All of that growth leads to growing traffic and higher transportation needs. Solving the ground transportation needs isn’t just a concern for the residents of Tampa, as the effects are also felt at local well-known staples like the Tampa International Airport. “From the standpoint of the airport, we see our passenger traffic doubling over the next 20 years,” said Joe Lopano, CEO for the Tampa International. “That means that the roadways have to be capable of taking our travelers to the beaches or museums or wherever else they want to go. At the present time, they aren’t capable of doing that, so we’re looking for solutions.”
Plans to expand Brightline’s high-speed rail to the city solves one piece of the solution, Lopano said, “but there’s no silver bullet. It’s going to be a combination of things, and the fact that Uber and Lyft exist has enabled rail to be a viable alternative. Ride sharing solves the first-mile, last-mile problem.”

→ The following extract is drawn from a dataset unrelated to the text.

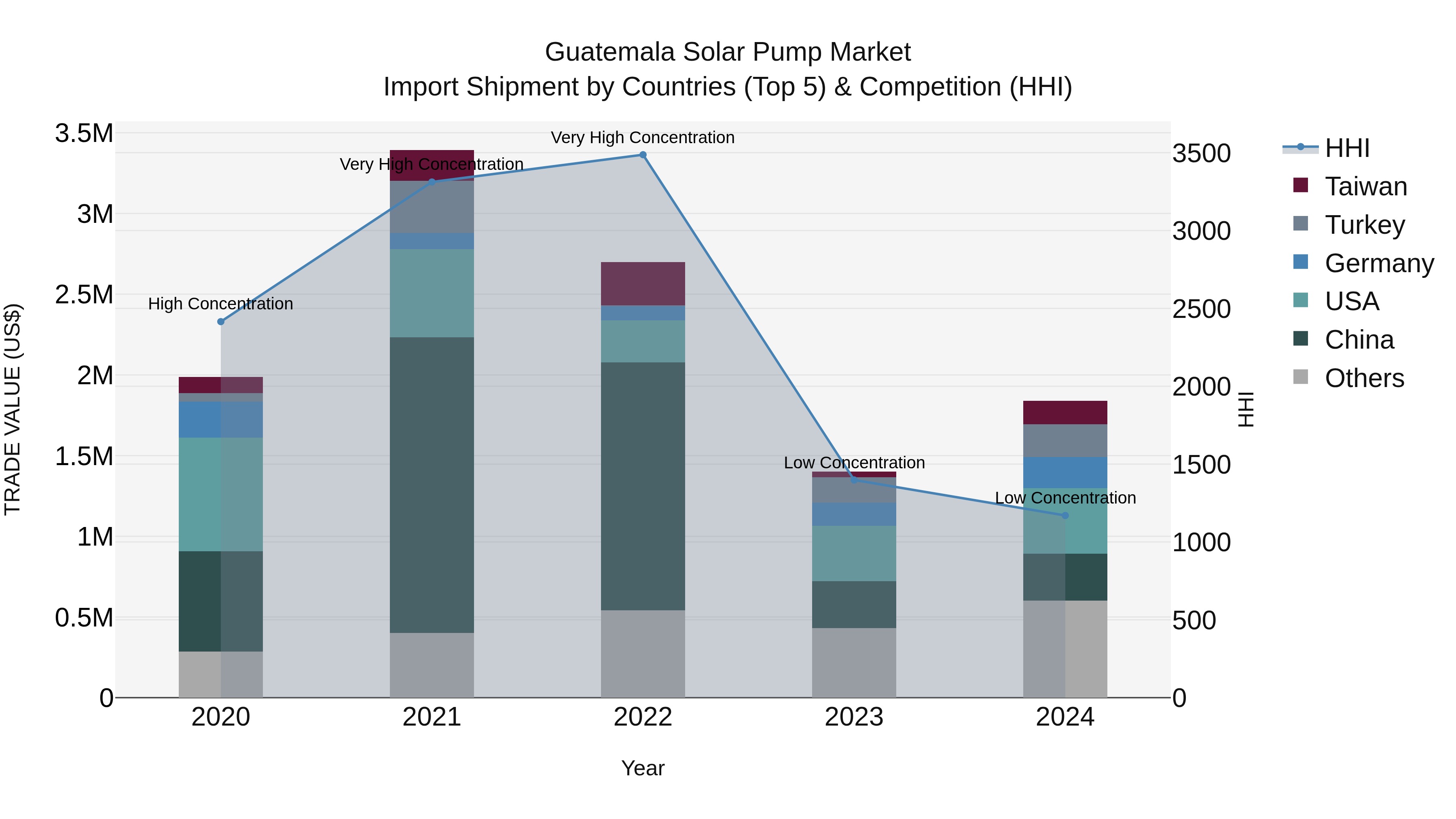 Guatemala Solar Pump Market Top 5 Importing Countries and Market Competition (HHI) Analysis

The main question, of course, is how Tampa Bay will deal with the increased traffic. Beth Alden, the executive director for the Hillsborough Metropolitan Planning for Transportation, said that local municipalities are heading in the right direction. After convincing the local public that there was a there was “a multi-billion dollar disconnect” between its current spending plans and the realities of the city’s growing transportation needs, “last November, Hillsborough County’s voters approved a one-penny sales tax, and 100 percent of the proceeds will go toward transportation investments.” She said it was a watershed moment. “This sales tax will help us achieve our vision for the future of transportation.”
She said that besides building, expanding and fixing roads, the city is also working on improving transportation options for bicycles and pedestrians across the city, expanding pathways on and off barrier islands, and improving intersections. Improving access to alternative fuel sources and trolley systems are another priority.
“When you look at it from a regional standpoint, we’re the gateway to the west coast of Florida,” Lopano said. We have been able to increase our international travel by more than 125 percent since I started. That’s extremely important because every time we bring in a new international live body on a daily basis it generates $154 million in economic impact to our community. That’s critical.’
“Tourism in Florida is extremely important, and we want to be a part of its growth.”